“We have no claim to any of our possessions. We have no claim to exist; and, as we have to die in the end, so we must resign ourselves to die piecemeal, which really happens when we lose somebody or something that was closely intertwined with our existence. It is like a physical wound; we may survive, but maimed and broken in that direction; dead there. Not that we can, or ever do at heart, renounce our affections. Never that.”
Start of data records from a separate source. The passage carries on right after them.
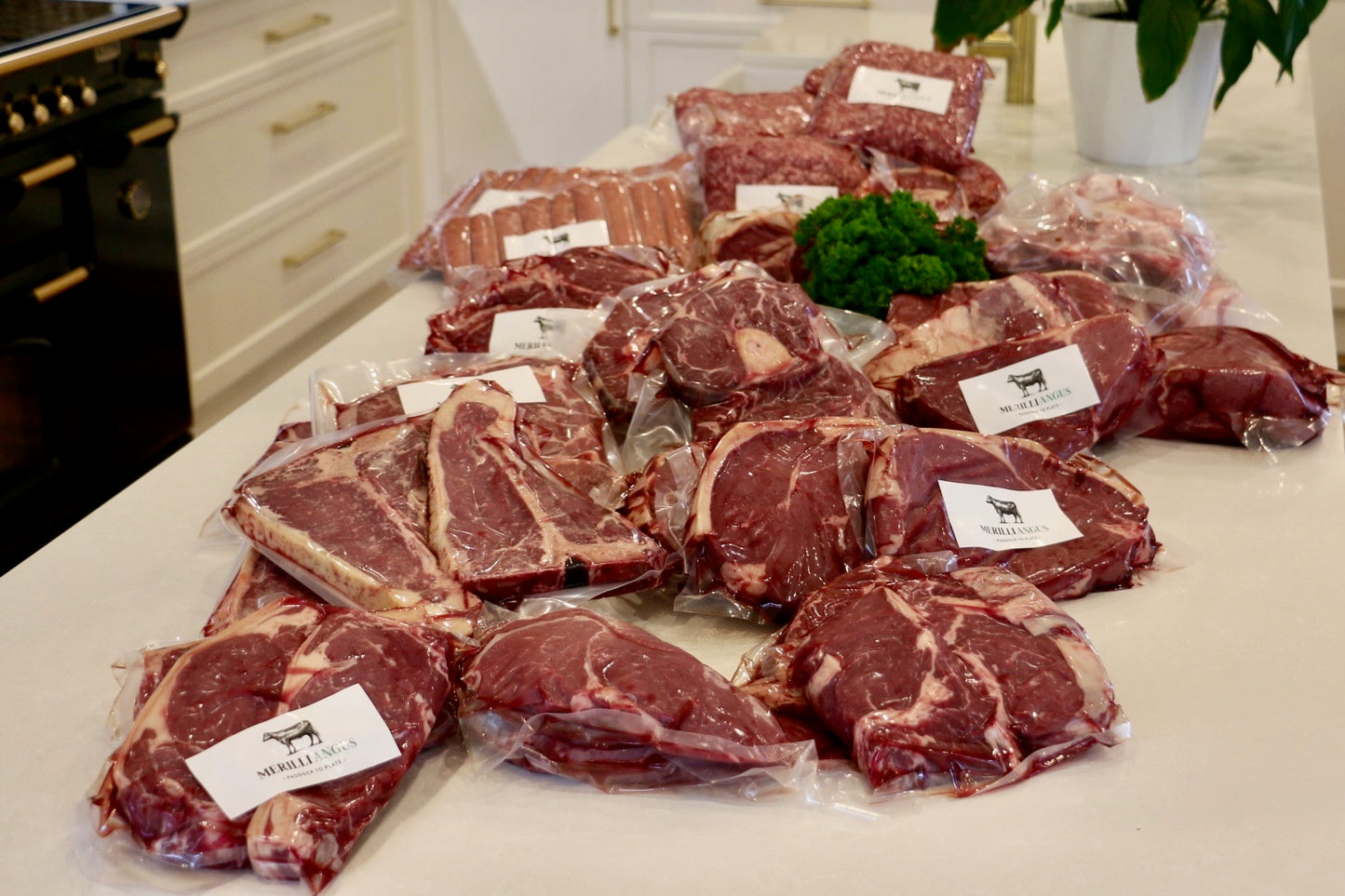 Vacuum-sealed assorted beef cuts spread on a kitchen counter for an 80kg beef box
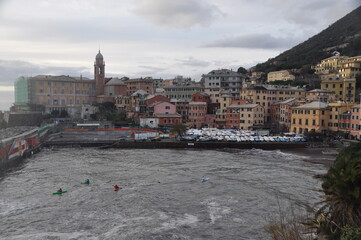 men canoeing in Nervi on a winter cloudy day, Genova, Liguria, Italy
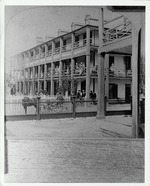 Half of a stereoview showing the southern wing of the Magnolia House from St. George Street, looking Southwest, ca. 1880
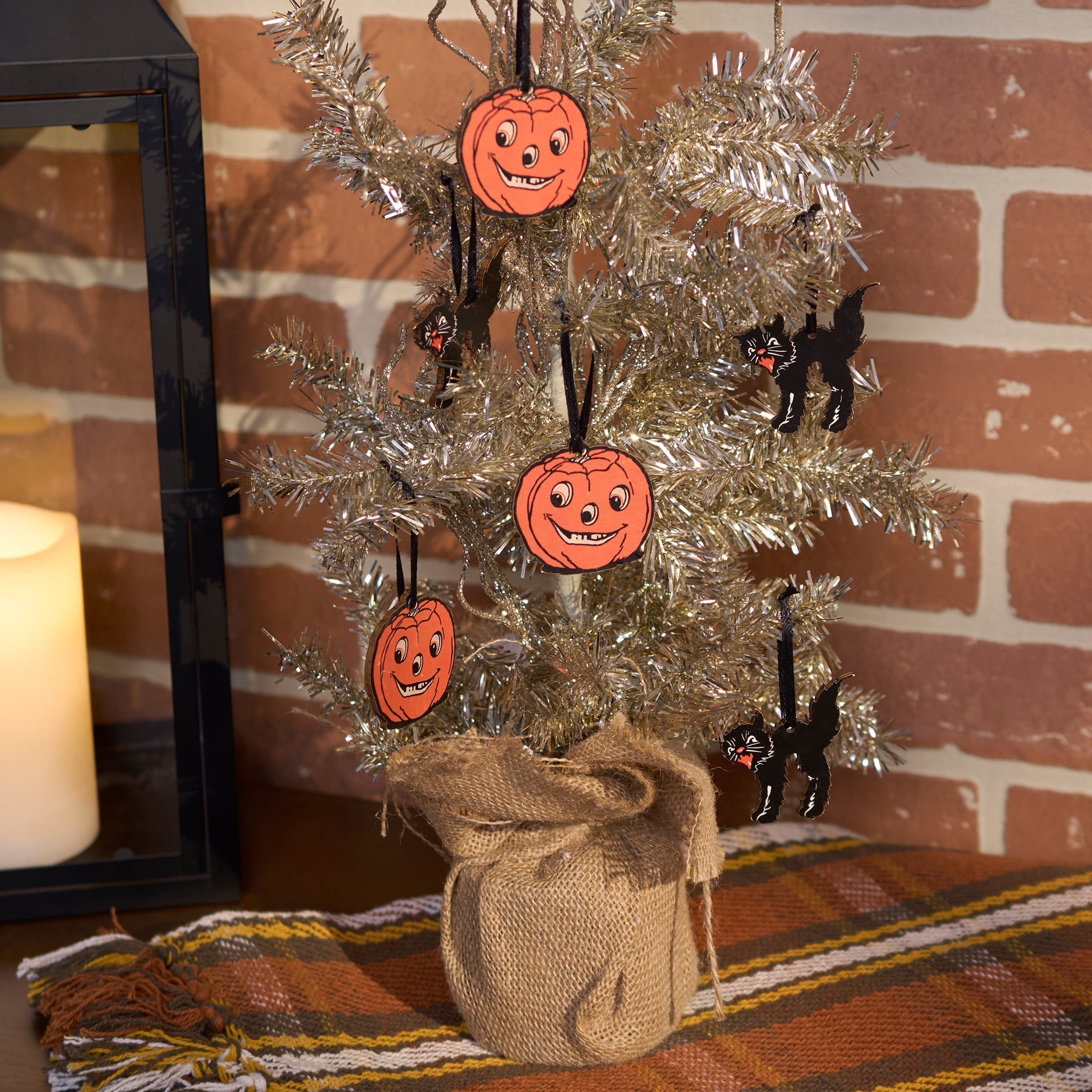 A halloween mini ornament set featuring a silver tinsel tree with orange pumpkin and black cat mini ornaments wrapped in burlap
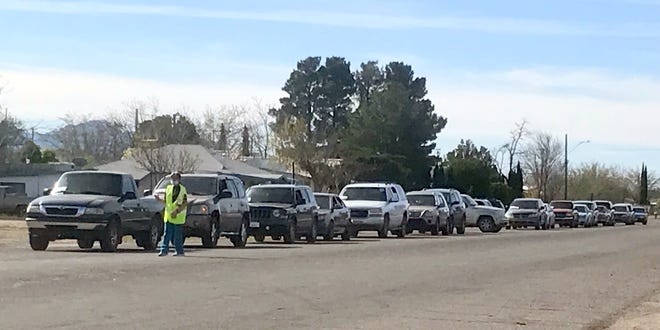 South Diamond Street was lined with vehicles early Wednesday morning waiting the food distribution center at Santa Ana Catholic Church to begin handing out food boxes for families in need. The lined of vehicles backed up traffic south to Cody Road.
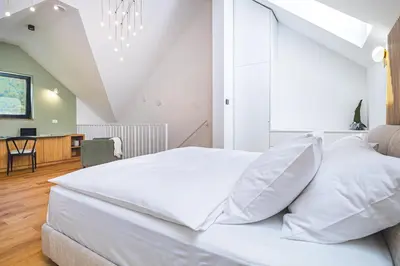 a bedroom with a large white bed and a desk at Vila Nina Bohinj in Bohinj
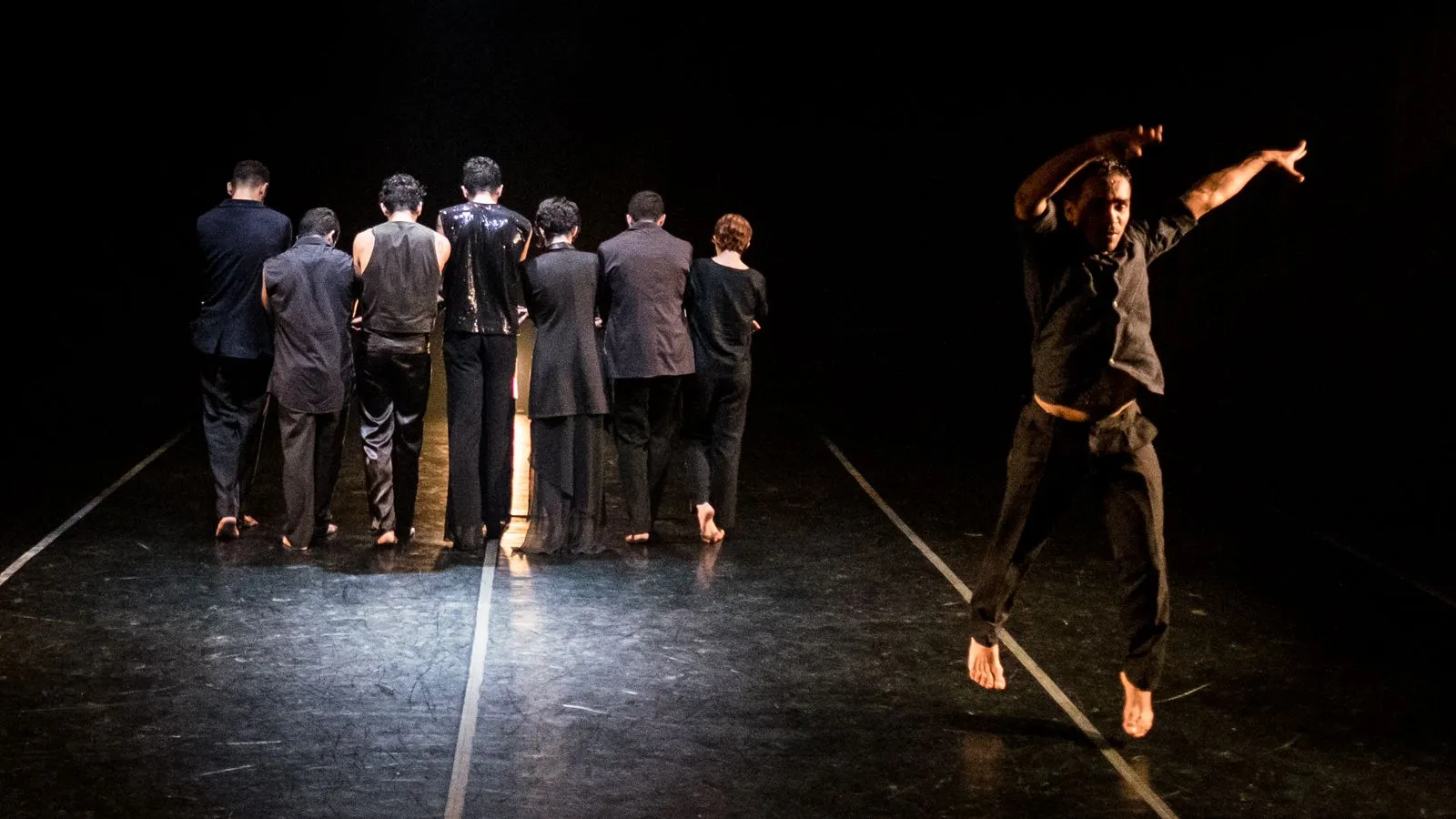 Bailarinos em cena no palco do Teatro Municipal Severino Cabral, com um dançarino saltando à direita e um grupo reunido de costas ao fundo.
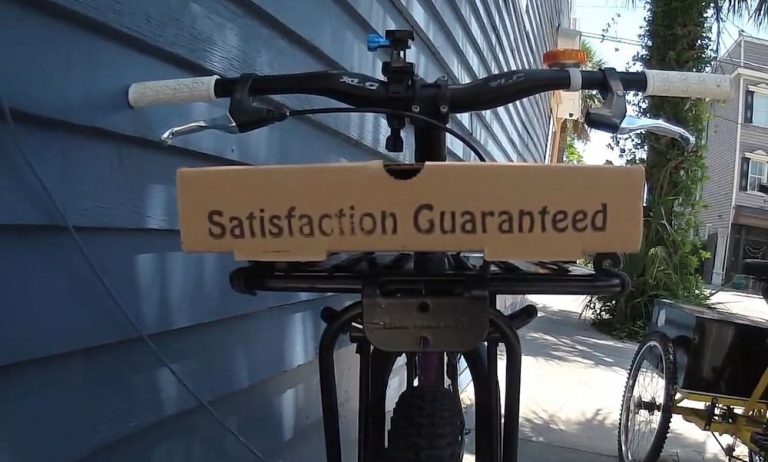 bicycle with pizza box on the the front rack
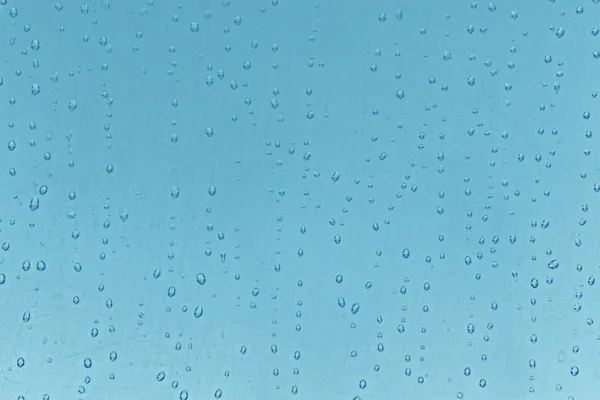 Textura abstrata: gotas de água sobre fundo azul — Fotografia de Stock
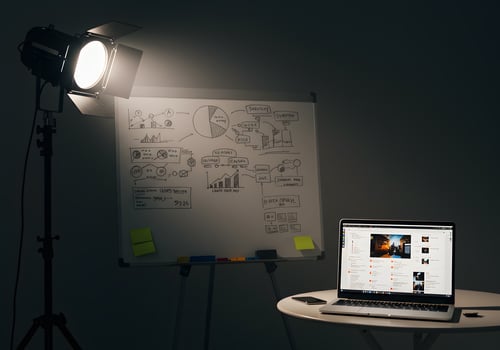 Whiteboard and laptop in dark room photo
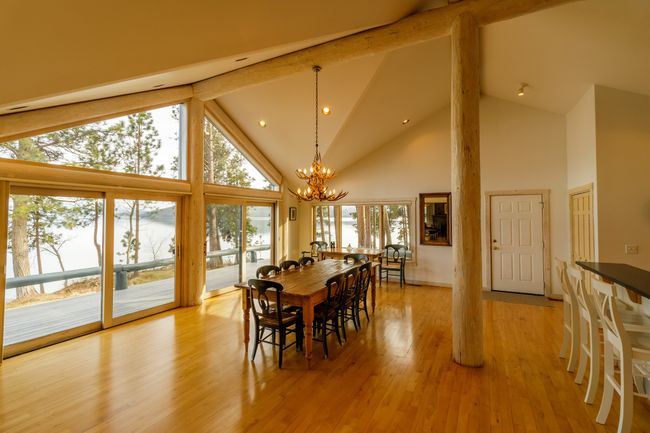 Dining space with light hardwood / wood-style flooring, plenty of natural light, beam ceiling, and high vaulted ceiling | Image 27
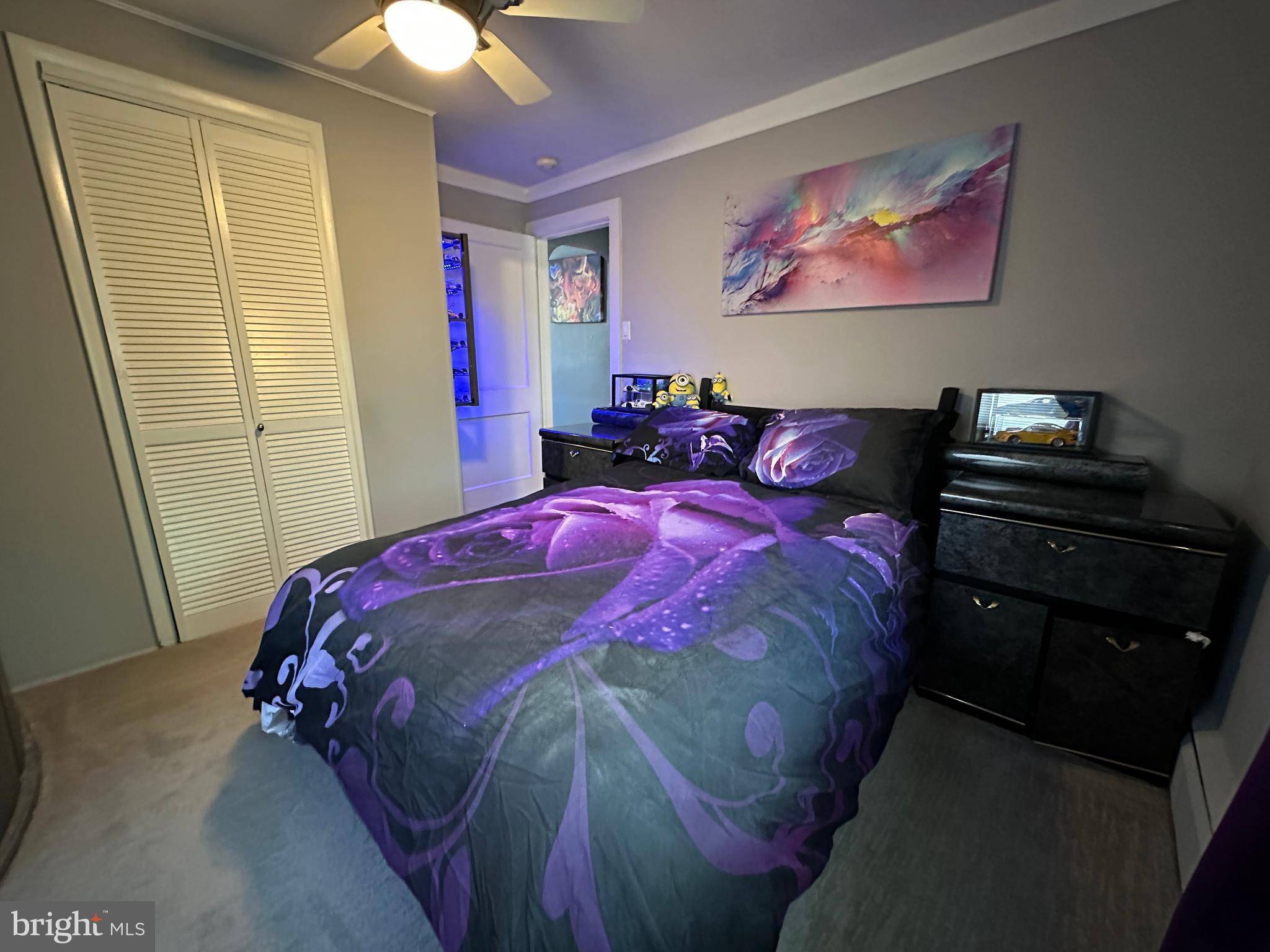 21 Big Road Schwenksville, PA 19473 - Photo 44 of 61 a bedroom with a bed and a chandelier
In her biography, Iris Origo: Marchesa of Val d’Orcia (2002), Caroline Moorehead reports Origo (1902-1988) seldom spoke of Gianni in the years immediately after his death, “but as she grew older, so she talked about him more and more, and towards the end of her life was apt to describe his short life and death to virtual strangers.” Santayana, a lifelong bachelor without children, the most temperamentally detached of men, writes later in the same letter:
“All our affections, when clear and pure and not claims to possession, transport us to another world; and the loss of contact, here or there, with those eternal beings is merely like closing a book which we keep at hand for another occasion. We know that book by heart. Its verses give life to life. I don’t mean that these abstract considerations ought to console us. Why wish to be consoled? On the contrary, I wish to mourn perpetually the absence of what I love or might love. Isn’t that what religious people call the love of God?”
Moorehead tells us Origio often repeated Santayana’s words to her friends: “Why wish to be consoled?”
After Gianni’s death, Origo became a writer. In 1935 she published Allegra, a short life of Byron’s daughter, and the excellent Leopardi: A Study in Solitude. All of her books are worth searching out, especially War in Val d'Orcia (1947), her diary of civilized life under Italian fascism, and Images and Shadows (1970).